Research Resources

This site consists of codes and resources generated from my research that I would love to share with others.

Please cite the corresponding paper when you use any code or resources here. Thank you!


  • The Literal Motion in Text Dataset (LiMiT)

Motion recognition is one of the basic cognitive capabilities of many life forms, yet identifying motion of physical entities in natural language have not been explored extensively and empirically. We present the Literal-Motion-inText (LiMiT) dataset, a large human-annotated collection of English text sentences describing physical occurrence of motion, with annotated physical entities in motion. We describe the annotation process for the dataset, analyze its scale and diversity, and report results of several baseline models. We also present future research directions and applications of the LiMiT dataset and share it publicly as a new resource for the research community.

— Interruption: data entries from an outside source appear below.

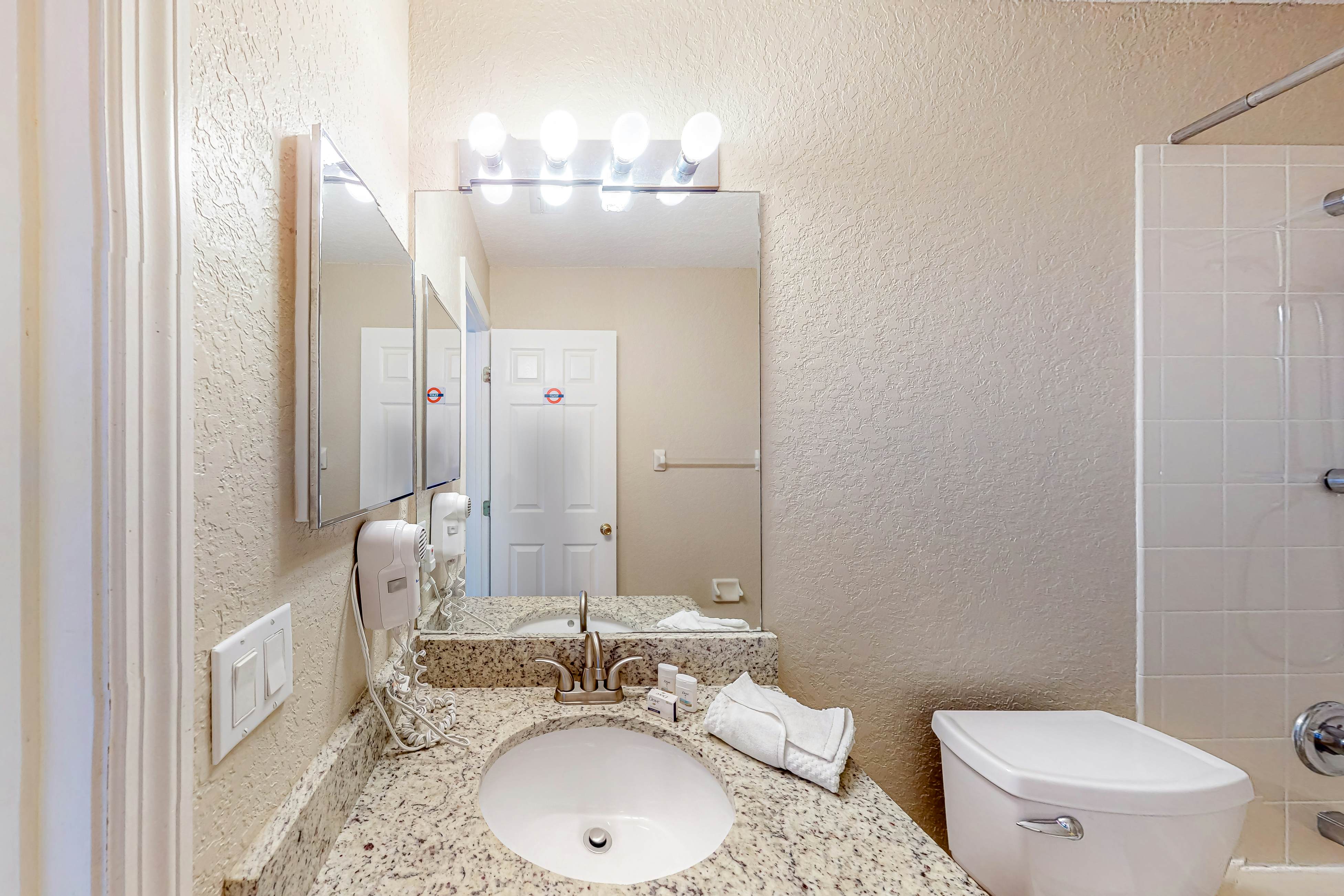 RGP106-207-4 - Sunny Oasis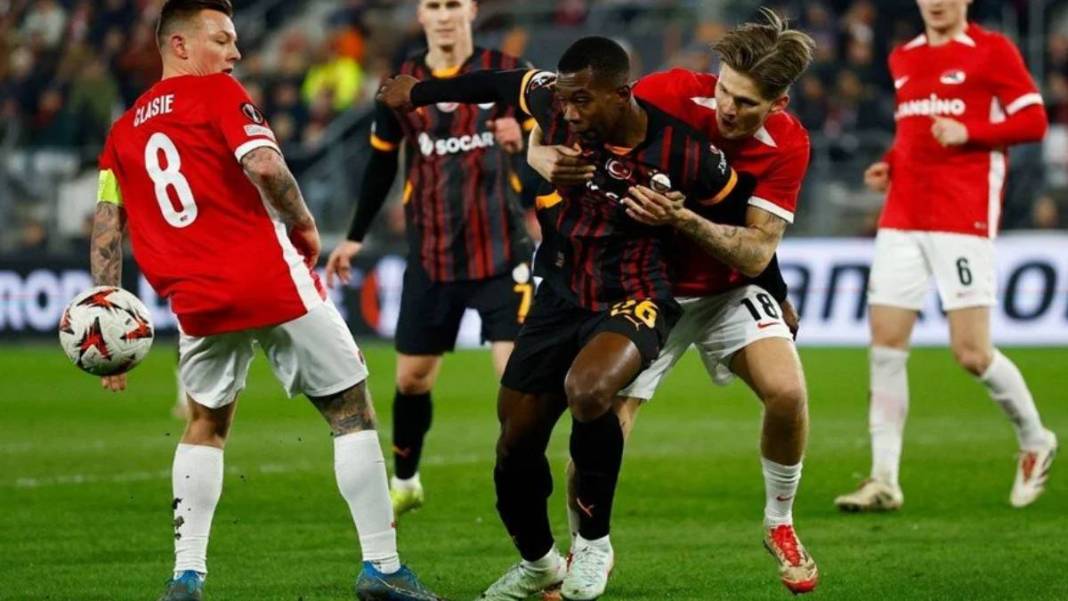 Galatasaray kulübü bu haberle çalkalanıyor! Okan Buruk kararını verdi: Yıldız futbolcunun sözleşmesi feshediliyor 4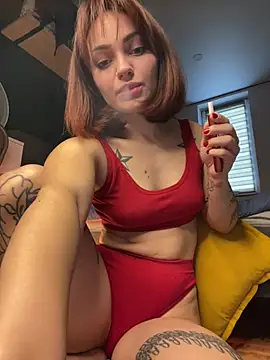 Snapshot of SaraLow chatting on 01-15-26, 07:02 SaraLow online show from 01-15-26, 07:02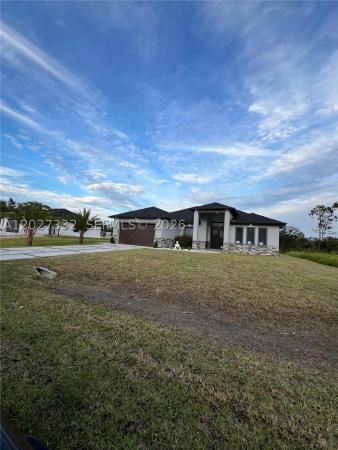 Lehigh Acres, 616 Maple Ave N, Lehigh Acres, Florida 33972, image 2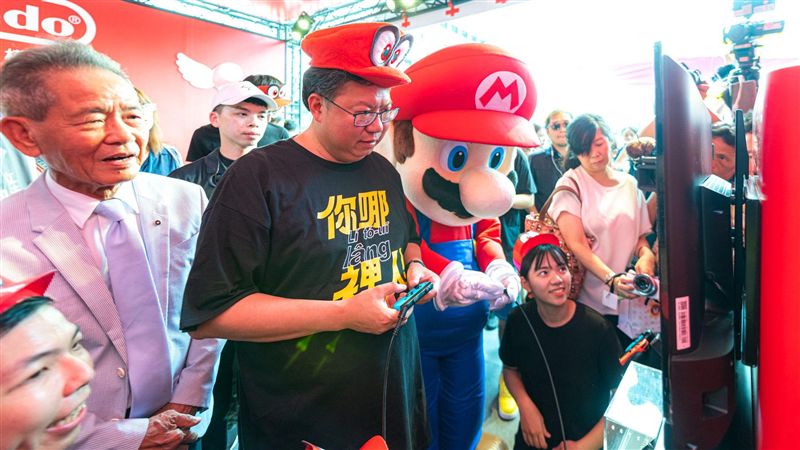 鄭文燦體驗虛擬實境　邀參與全運會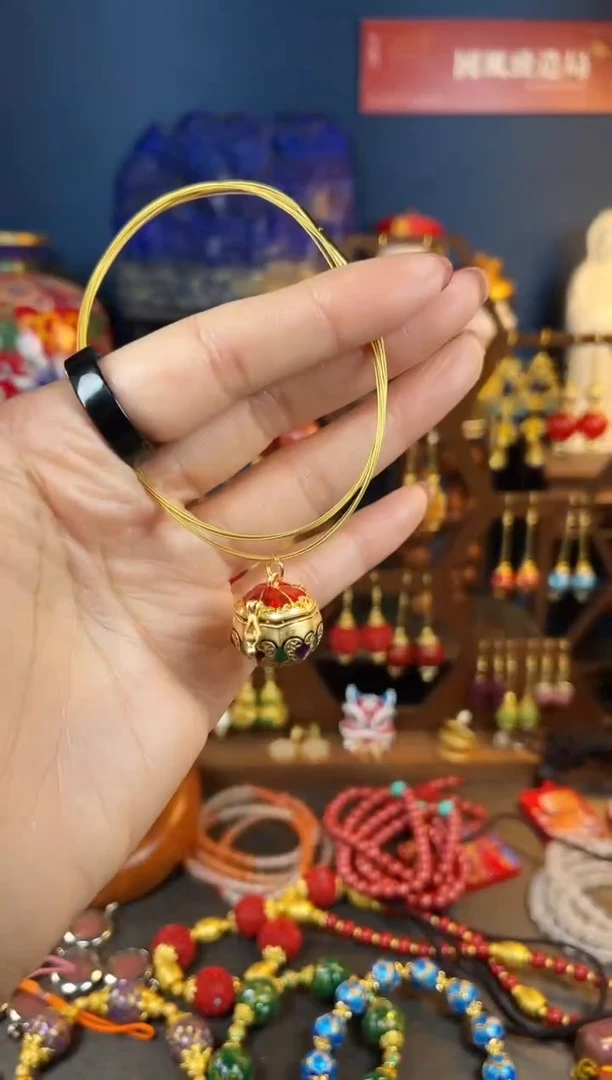 【闪购商品】柿柿如意珐琅吊坠
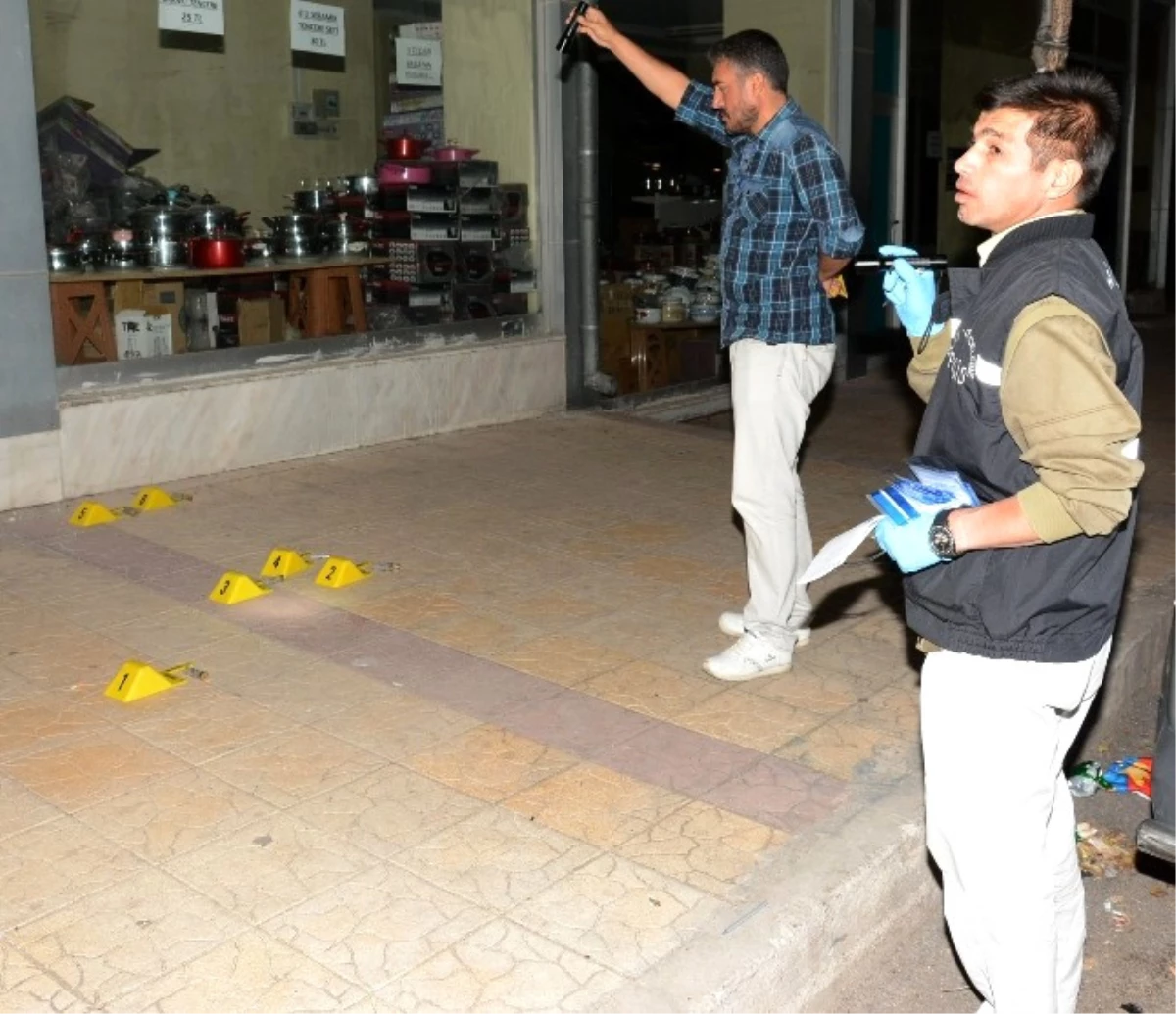 Aksaray\'da Tüfekli Saldırı: 2 Yaralı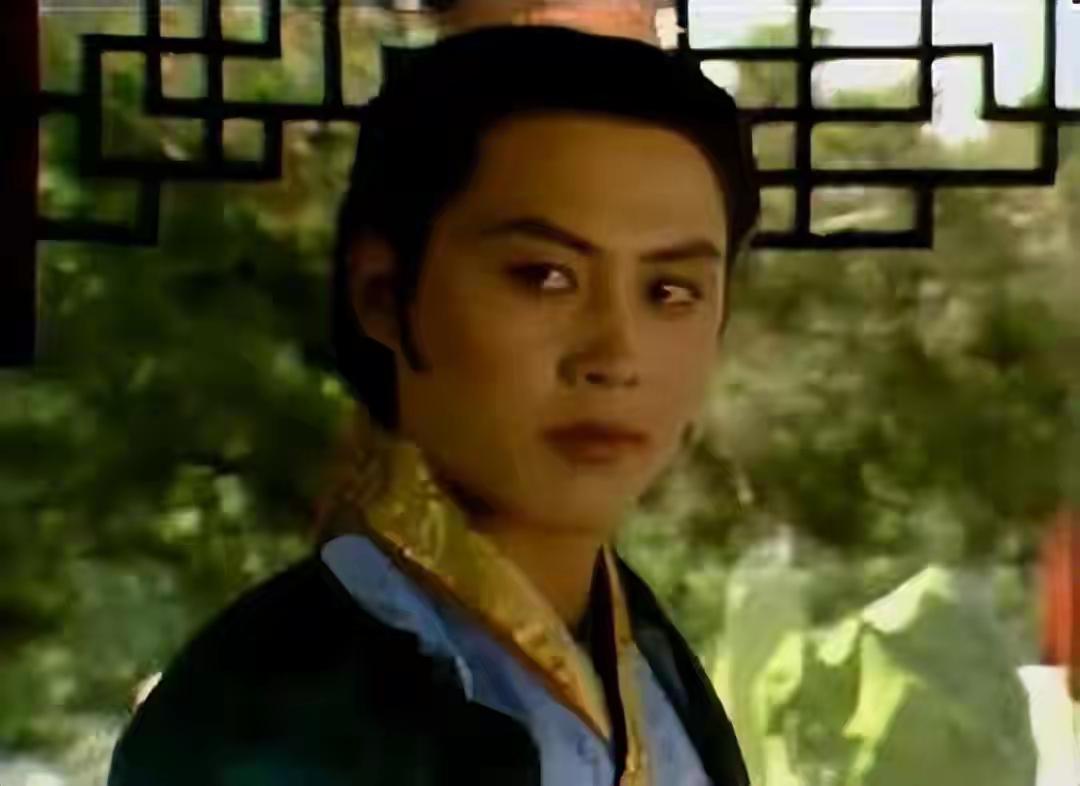 红楼梦：厨子之妻周旋贾府一众男子，尤二姐被逼惨死，唯独她安然脱身《红楼
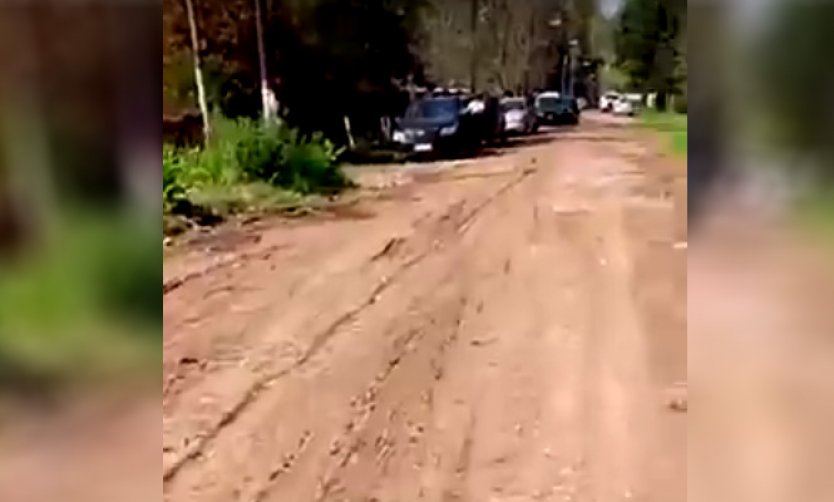 Vecinos piden el arreglo de una calle de acceso a un colegio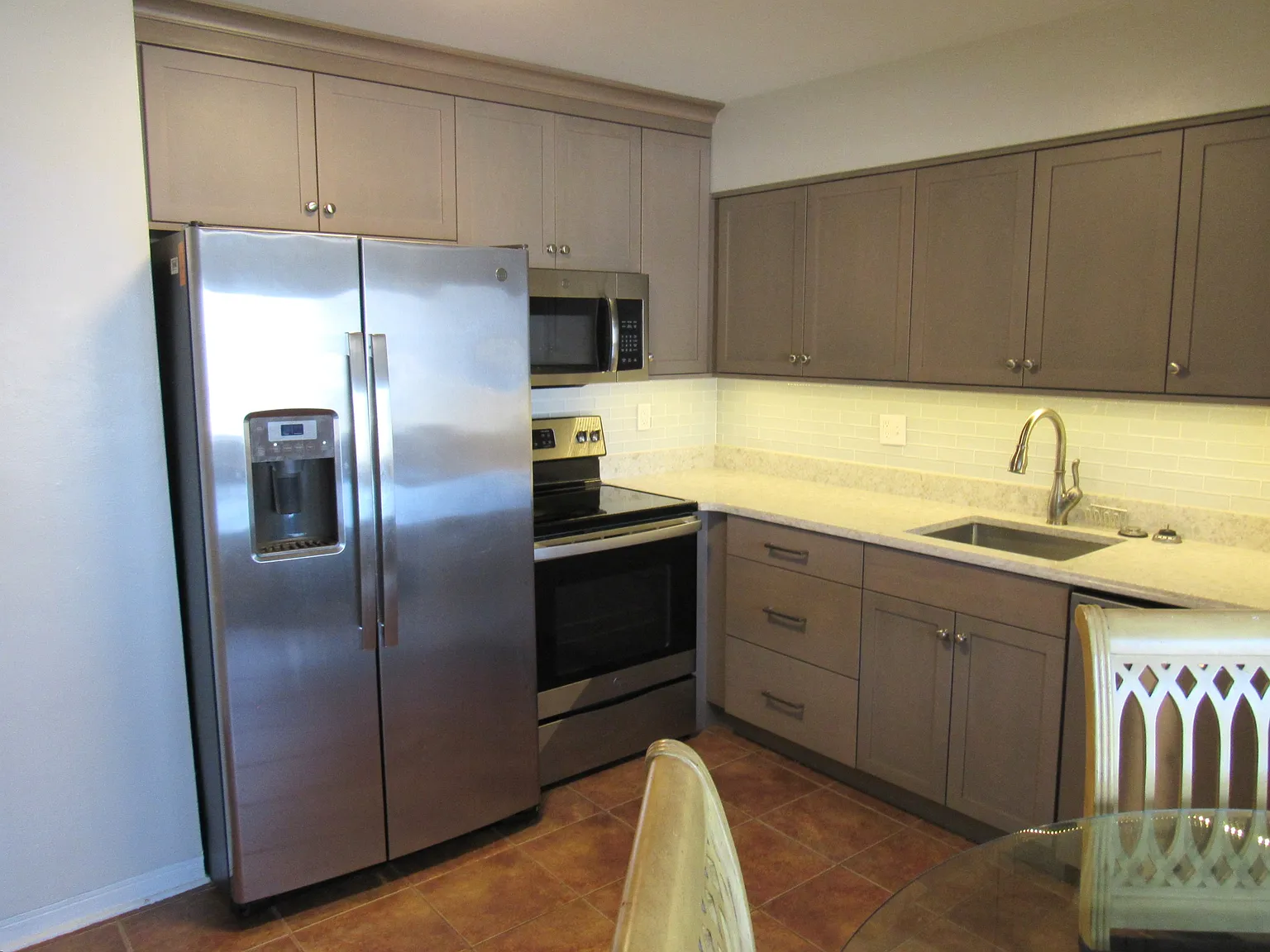 Beachside - 1 Bed, 1 Bath, 1 Block From The Beach, $1,500/Mo. — Photo 4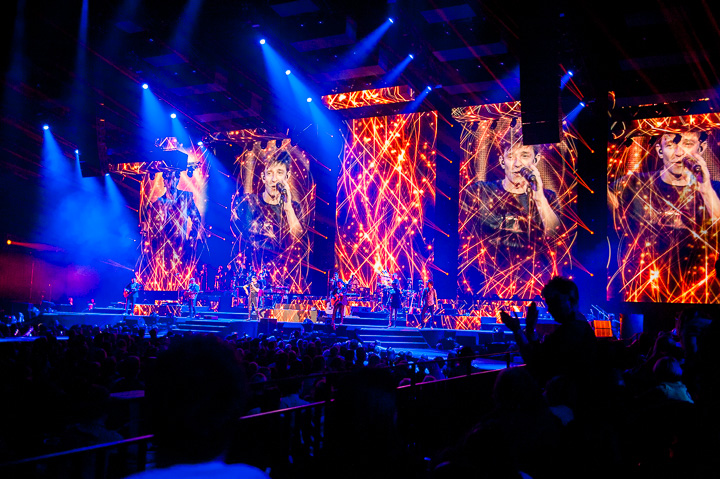 Clouseau danst @ Sportpaleis, picture 59, photographed by Dimitri Vanlommel - FrontView Magazine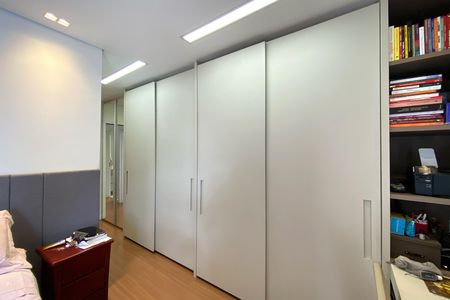 Apartamento à venda com 93m², 3 quartos e 3 vagas Apartamento à venda com 93m², 3 quartos e 3 vagasSuite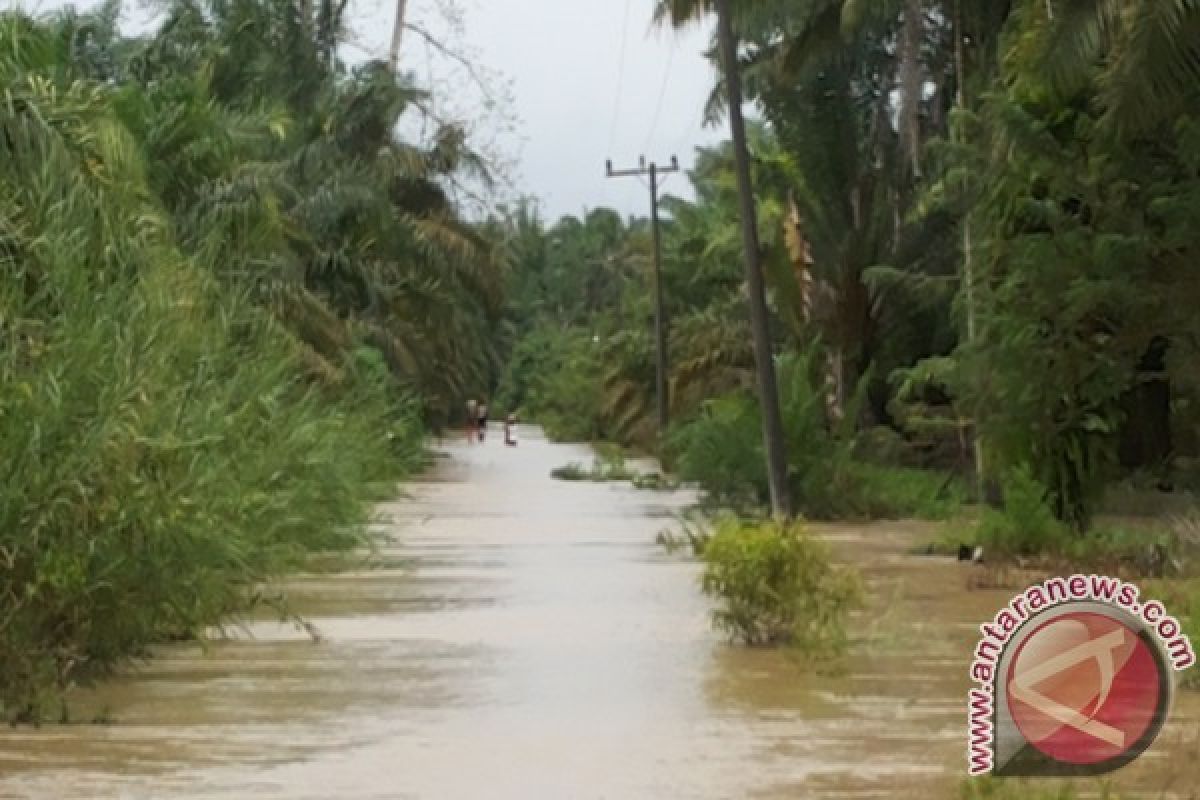 Banjir Masih Menggenangi Sejumlah Kawasan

@inproceedings{DBLP:conf/emnlp/ManotasVS20,

author = {Manotas, Irene and Vo, Ngoc Phuoc An and Sheinin, Vadim},

title = {LiMiT: The Literal Motion in Text Dataset},

booktitle = {Proceedings of the 2020 Conference on Empirical Methods in Natural Language Processing: Findings, {EMNLP} 2020},

year={2020}

}


  • The annotation for Semantic Relatedness score on the Recognizing Textual Entailment (RTE) datasets.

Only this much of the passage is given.